Zimbabweans fill up with petrol at the Botswana border. Guy Oliver/IRIN

In the latest blow to Zimbabwe's wounded economy, the Botswana government has banned the export of bulk fuel to the neighbouring country. Scanty parallel market supplies are quickly running dry and transport is grinding to a halt across Zimbabwe.

Botswana's authorities began turning back Zimbabwean fuel buyers last week at the border posts in Kasane, in the far northeast, and Maitengwe, about 130km north of Francistown, Botswana's second city, but the main Plumtree border post, about 100km southeast of Bulawayo, Zimbabwe, was still allowing single drums through.

"The move by the Botswana authorities is surprising, and as it is [being implemented] right now, I only managed to bring in a single drum of fuel, which will only give me 200 litres of petrol [gasoline], Nhanhla Sibanda, a fuel dealer on the informal market, told IRIN. "My clients need far more than that." He said the decision by the Botswana government would heavily dent Zimbabwe's already crippled economy.

Industry in Zimbabwe is estimated to have shrunk by more than 60 percent since 2000, unemployment tops 80 percent and inflation has reached a world record high of 160,000 percent and is still rising. Around 80 percent of the population lives on less that a dollar a day.

The move is part of a worldwide fuel problem and Botswana is looking after its own interests: record-breaking global oil prices, which climbed to just over US$122 per barrel on 6 May, and Botswana's currency, the Pula, falling against the dollar, have sent fuel prices in the country shooting up. The latest fuel price hike, on the back of increases in March, saw petrol prices rise by around seven percent in April.

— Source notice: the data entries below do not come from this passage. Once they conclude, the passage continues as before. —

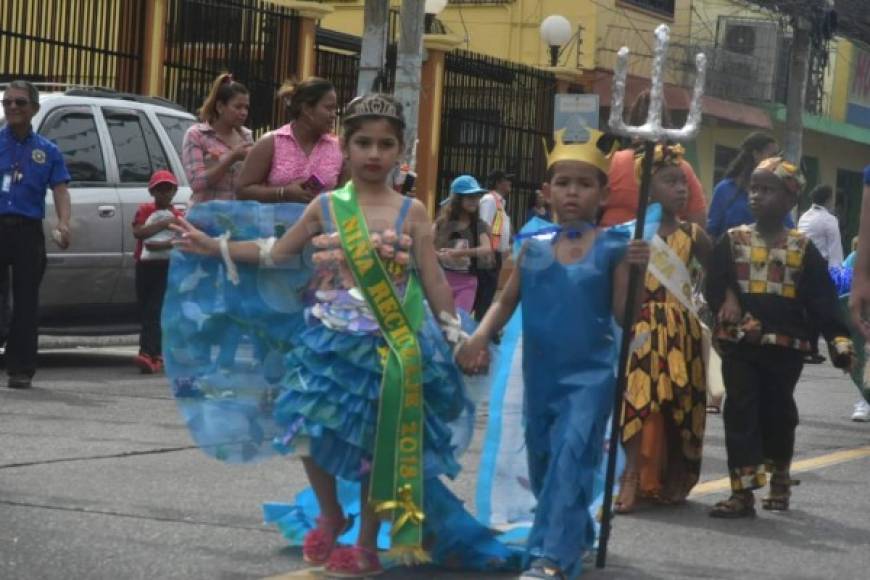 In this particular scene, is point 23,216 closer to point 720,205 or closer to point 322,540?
point 720,205

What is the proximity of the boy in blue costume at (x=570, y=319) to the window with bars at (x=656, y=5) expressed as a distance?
25715mm

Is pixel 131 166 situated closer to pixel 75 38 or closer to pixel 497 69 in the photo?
pixel 75 38

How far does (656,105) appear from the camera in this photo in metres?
6.07

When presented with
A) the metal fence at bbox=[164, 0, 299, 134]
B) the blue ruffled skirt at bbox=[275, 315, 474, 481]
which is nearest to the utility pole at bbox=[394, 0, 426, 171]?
the metal fence at bbox=[164, 0, 299, 134]

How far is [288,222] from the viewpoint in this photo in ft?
20.9

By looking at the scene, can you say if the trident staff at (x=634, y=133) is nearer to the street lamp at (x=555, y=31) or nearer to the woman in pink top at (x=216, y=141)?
the woman in pink top at (x=216, y=141)

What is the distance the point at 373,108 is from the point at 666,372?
7.74 feet

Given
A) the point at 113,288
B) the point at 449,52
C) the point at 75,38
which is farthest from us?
the point at 449,52

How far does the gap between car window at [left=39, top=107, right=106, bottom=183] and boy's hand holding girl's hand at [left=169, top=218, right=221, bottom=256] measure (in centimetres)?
662

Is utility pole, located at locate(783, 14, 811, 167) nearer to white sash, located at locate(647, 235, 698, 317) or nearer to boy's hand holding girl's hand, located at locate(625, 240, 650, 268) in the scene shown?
white sash, located at locate(647, 235, 698, 317)

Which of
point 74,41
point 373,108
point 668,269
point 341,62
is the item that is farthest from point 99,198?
point 341,62

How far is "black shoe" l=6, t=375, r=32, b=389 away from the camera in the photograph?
36.7 ft

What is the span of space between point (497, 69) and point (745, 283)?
18205 millimetres

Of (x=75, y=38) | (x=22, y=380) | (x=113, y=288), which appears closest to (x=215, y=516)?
(x=22, y=380)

Before the ban, trucks laden with drums and large plastic containers of fuel used to be a permanent feature along the Bulawayo-Francistown highway, the main road linking Zimbabwe to Botswana.

The state-owned National Oil Company of Zimbabwe (NOCZIM), plagued by allegations of widespread corruption and mismanagement, has had its problems compounded by foreign currency shortages and rocketing inflation, leaving it unable to meet local demand since 2000.

Since then Zimbabwe has been forced to rely heavily on the entrepreneurial spirit of cross-border traders and their parallel imports from bordering countries like Botswana. This illegal but thriving parallel market has been the only source of fuel for most Zimbabweans.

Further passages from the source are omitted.